LOT Winter School 2018

Statistical models of language variation with R

Natalia Levshina




Course information

Level: Advanced

Course description

A large amount of attention in sociolinguistics, psycholinguistics, cognitive and usage-based linguistics has been paid to alternations, variants, near synonyms and other types of functionally related linguistic units, e.g. English double-object and prepositional dative, Dutch doen and laten or the use or non-use of post-vocalic /r/, as in ‘fourth floor’. Such variation is normally probabilistic and multifactorial and requires the use of advanced multivariate methods. This practical hands-on course teaches how to model this kind of variation with the help of R, popular open-source statistical software. The methods covered in this course include frequentist and Bayesian binomial and multinomial logistic regression, mixed-effects models, conditional inference trees, random forests and naïve discriminative learning. The participants will learn how to fit such models, check their assumptions in order to obtain meaningful results, and interpret the latter with the help of various visualization techniques. Special attention will be paid to the advantages and disadvantages of each method for particular research tasks.

Day-to-day programme

Monday: Introduction. Binomial/binary logistic regression.

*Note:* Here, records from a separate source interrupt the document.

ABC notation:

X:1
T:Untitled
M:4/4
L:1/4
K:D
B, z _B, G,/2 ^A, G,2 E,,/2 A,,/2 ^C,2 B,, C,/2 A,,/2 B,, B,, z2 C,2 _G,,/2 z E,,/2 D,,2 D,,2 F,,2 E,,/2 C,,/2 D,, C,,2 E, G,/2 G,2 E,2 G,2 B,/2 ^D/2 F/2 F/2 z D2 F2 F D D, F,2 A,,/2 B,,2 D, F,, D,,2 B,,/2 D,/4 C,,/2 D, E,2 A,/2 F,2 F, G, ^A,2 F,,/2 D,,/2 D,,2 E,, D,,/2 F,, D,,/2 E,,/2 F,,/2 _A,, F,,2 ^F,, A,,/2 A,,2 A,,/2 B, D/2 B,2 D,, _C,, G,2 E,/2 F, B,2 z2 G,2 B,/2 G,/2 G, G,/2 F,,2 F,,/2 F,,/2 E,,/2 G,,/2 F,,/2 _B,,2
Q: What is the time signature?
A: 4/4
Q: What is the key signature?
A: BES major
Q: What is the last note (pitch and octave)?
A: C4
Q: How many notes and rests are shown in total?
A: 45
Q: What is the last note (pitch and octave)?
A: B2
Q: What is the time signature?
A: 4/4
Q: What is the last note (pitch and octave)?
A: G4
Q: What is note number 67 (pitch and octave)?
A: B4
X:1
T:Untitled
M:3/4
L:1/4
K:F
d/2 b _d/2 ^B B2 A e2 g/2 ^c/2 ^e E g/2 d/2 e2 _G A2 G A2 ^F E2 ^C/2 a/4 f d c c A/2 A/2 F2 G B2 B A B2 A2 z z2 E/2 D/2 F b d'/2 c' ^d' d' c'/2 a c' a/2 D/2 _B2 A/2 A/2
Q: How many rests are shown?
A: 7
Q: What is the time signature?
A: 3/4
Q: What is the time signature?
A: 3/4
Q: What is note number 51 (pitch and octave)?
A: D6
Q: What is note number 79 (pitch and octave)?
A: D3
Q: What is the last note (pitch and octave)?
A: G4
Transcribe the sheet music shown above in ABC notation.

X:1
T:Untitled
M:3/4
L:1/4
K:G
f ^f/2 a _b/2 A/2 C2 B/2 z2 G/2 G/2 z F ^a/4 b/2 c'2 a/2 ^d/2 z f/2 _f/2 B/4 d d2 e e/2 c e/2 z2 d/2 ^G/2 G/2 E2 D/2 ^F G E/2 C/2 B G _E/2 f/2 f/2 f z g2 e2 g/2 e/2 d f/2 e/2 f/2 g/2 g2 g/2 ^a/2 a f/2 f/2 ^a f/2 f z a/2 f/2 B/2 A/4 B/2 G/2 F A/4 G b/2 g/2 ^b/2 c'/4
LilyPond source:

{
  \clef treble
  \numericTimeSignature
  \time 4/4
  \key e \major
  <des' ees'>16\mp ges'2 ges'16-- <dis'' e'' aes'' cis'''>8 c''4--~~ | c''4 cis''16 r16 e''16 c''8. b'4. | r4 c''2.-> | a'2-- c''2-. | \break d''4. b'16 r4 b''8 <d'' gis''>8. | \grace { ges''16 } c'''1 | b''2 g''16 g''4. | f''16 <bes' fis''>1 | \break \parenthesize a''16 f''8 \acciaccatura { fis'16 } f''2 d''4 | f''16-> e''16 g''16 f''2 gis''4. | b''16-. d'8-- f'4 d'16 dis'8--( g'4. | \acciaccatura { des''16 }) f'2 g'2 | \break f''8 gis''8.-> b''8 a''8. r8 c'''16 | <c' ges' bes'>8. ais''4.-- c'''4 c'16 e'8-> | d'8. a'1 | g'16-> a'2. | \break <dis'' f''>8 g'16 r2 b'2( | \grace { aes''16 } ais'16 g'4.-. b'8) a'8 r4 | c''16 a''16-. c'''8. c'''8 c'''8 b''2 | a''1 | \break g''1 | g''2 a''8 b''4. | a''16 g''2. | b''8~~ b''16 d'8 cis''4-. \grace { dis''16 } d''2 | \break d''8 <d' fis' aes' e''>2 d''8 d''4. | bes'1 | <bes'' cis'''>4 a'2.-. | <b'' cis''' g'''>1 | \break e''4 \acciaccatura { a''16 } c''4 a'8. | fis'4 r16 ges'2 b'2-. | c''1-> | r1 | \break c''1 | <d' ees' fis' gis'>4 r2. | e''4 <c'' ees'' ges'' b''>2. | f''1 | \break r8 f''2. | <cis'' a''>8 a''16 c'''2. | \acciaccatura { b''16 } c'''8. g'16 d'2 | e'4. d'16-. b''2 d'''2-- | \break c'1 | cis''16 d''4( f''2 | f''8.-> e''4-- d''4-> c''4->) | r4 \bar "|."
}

Tuesday: Binomial (continued) and multinomial logistic regression

Wednesday: Logistic regression with mixed effects.

Thursday: Conditional inference trees and random forests.

Friday: Naïve discriminative learning. Conclusions: pros and cons of each method.

Reading list


Levshina, N. 2015. How to Do Linguistics with R: Data exploration and statistical analysis. Amsterdam: John Benjamins. Chapter 12.


Divjak, Dagmar and Antti Arppe. 2013. Extracting prototypes from exemplars. What can corpus data tell us about concept representation? Cognitive Linguistics 24(2): 221-274.

Natalia Levshina. 2016. When variables align: A Bayesian multinomial mixed-effects model of English permissive constructions. Cognitive Linguistics 27(2): 235-268.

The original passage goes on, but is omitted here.